◆ Exercise directions
Reproduce only what runs from the line containing "3232 Sw 22nd" to the line containing "Boston Whaler 360 Outrage" in the records below, inclusive. Keep it exact, and keep the pictures out.

◆ Data
Segment Open
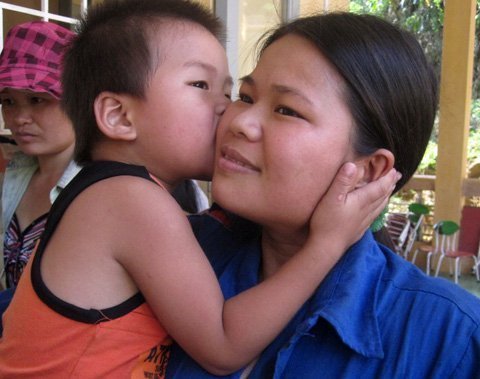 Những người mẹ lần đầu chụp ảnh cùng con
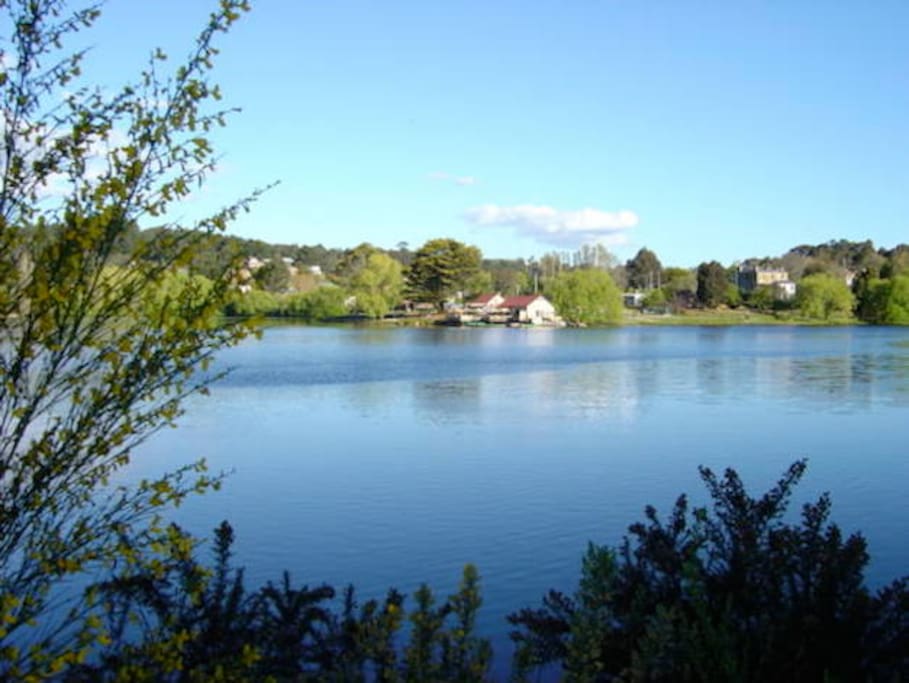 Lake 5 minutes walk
Segment Closed
Segment Open
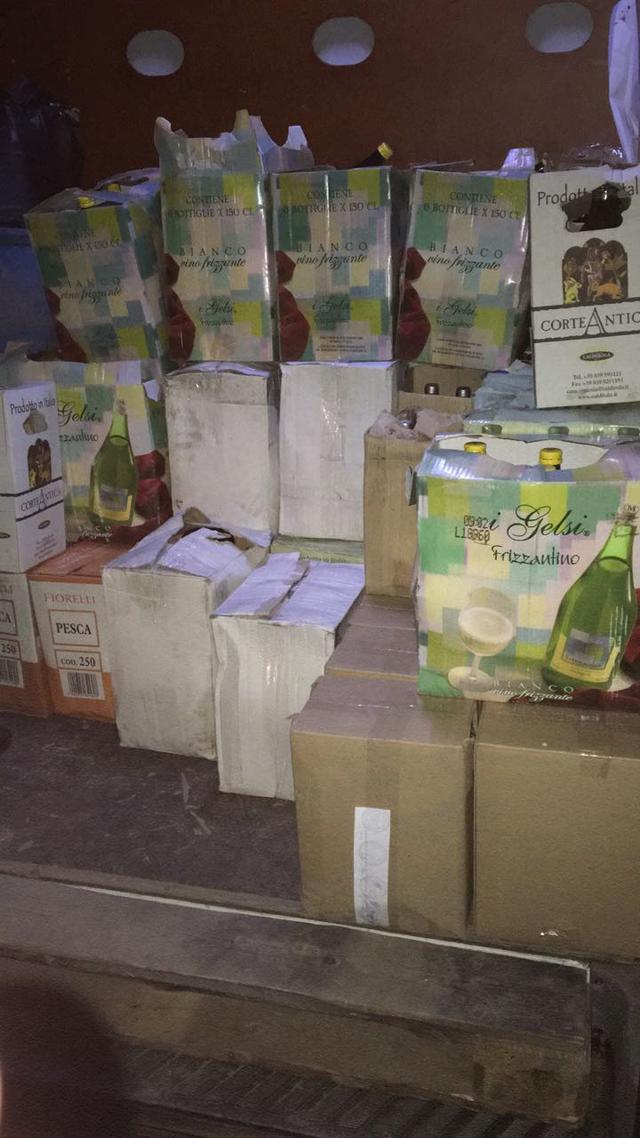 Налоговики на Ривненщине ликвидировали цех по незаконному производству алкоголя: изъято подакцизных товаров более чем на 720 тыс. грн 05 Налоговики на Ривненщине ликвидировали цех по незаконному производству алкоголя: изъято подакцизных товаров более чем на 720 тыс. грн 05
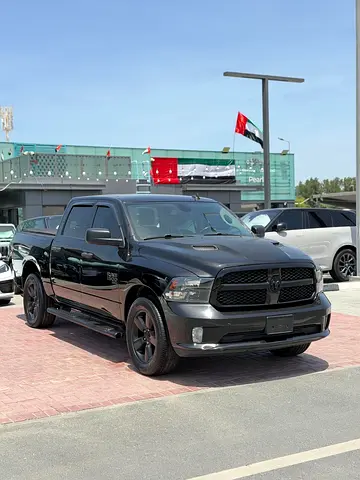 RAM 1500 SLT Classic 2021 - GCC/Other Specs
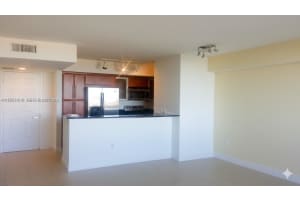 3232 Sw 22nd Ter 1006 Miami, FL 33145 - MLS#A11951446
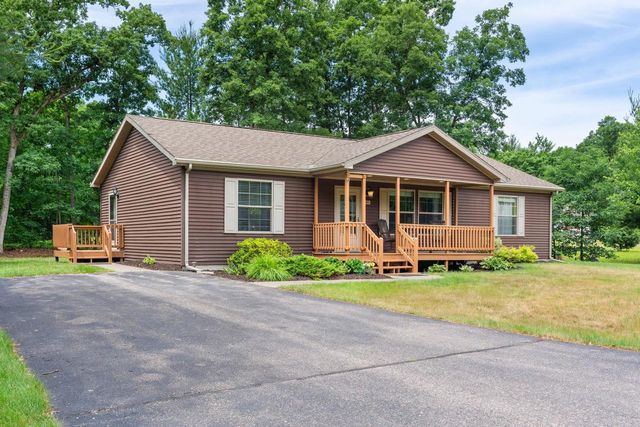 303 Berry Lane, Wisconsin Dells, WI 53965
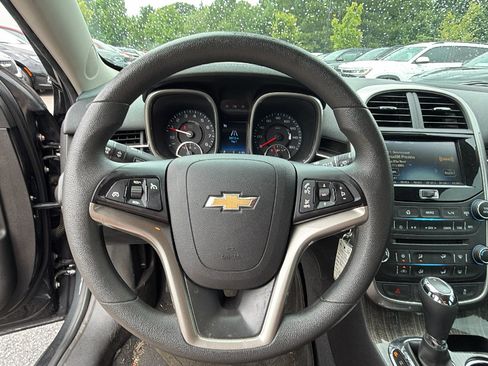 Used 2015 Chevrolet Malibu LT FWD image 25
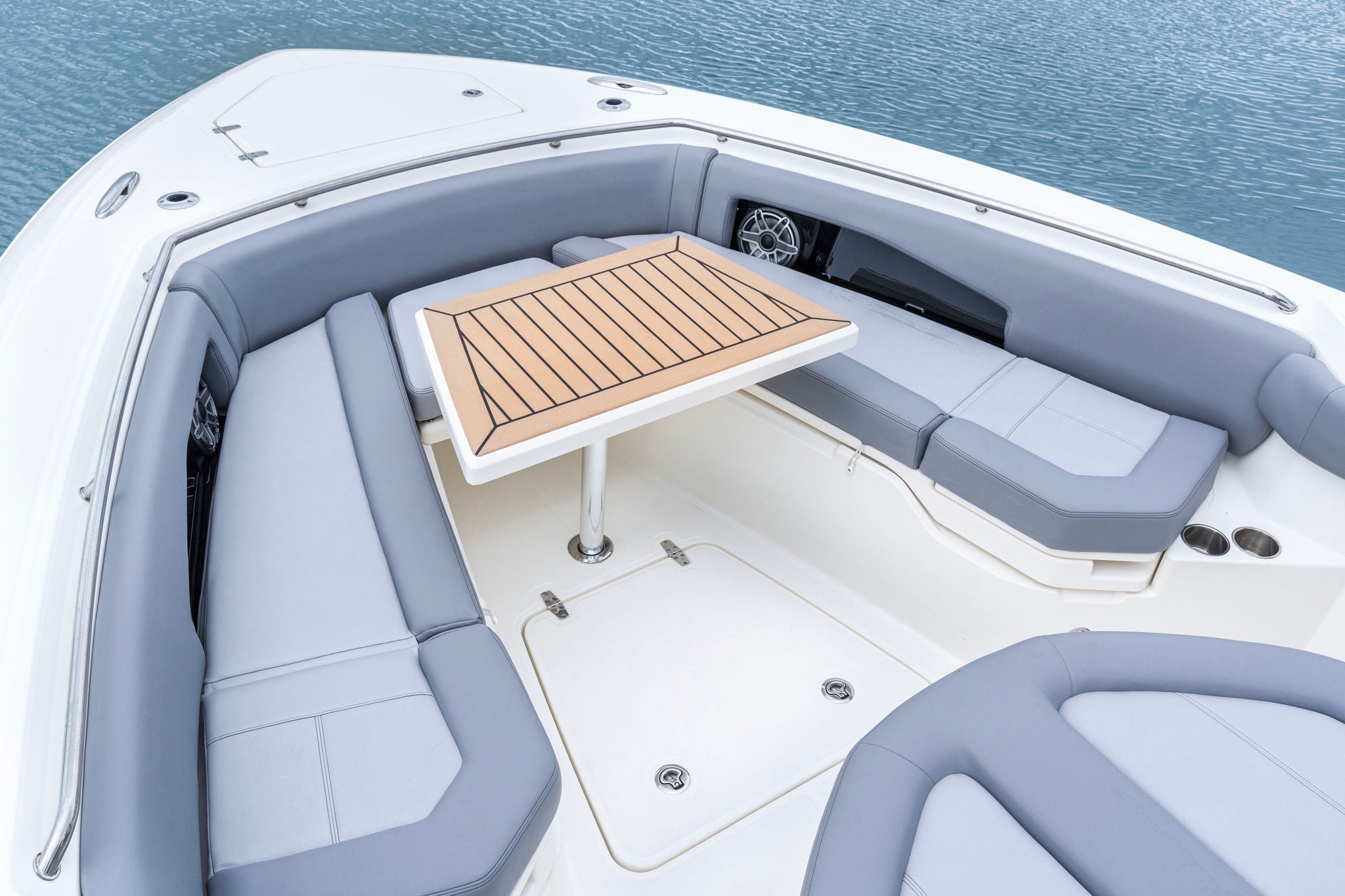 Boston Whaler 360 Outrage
Segment Closed
◆ Finished task
 3232 Sw 22nd Ter 1006 Miami, FL 33145 - MLS#A11951446
 303 Berry Lane, Wisconsin Dells, WI 53965
 Used 2015 Chevrolet Malibu LT FWD image 25
 Boston Whaler 360 Outrage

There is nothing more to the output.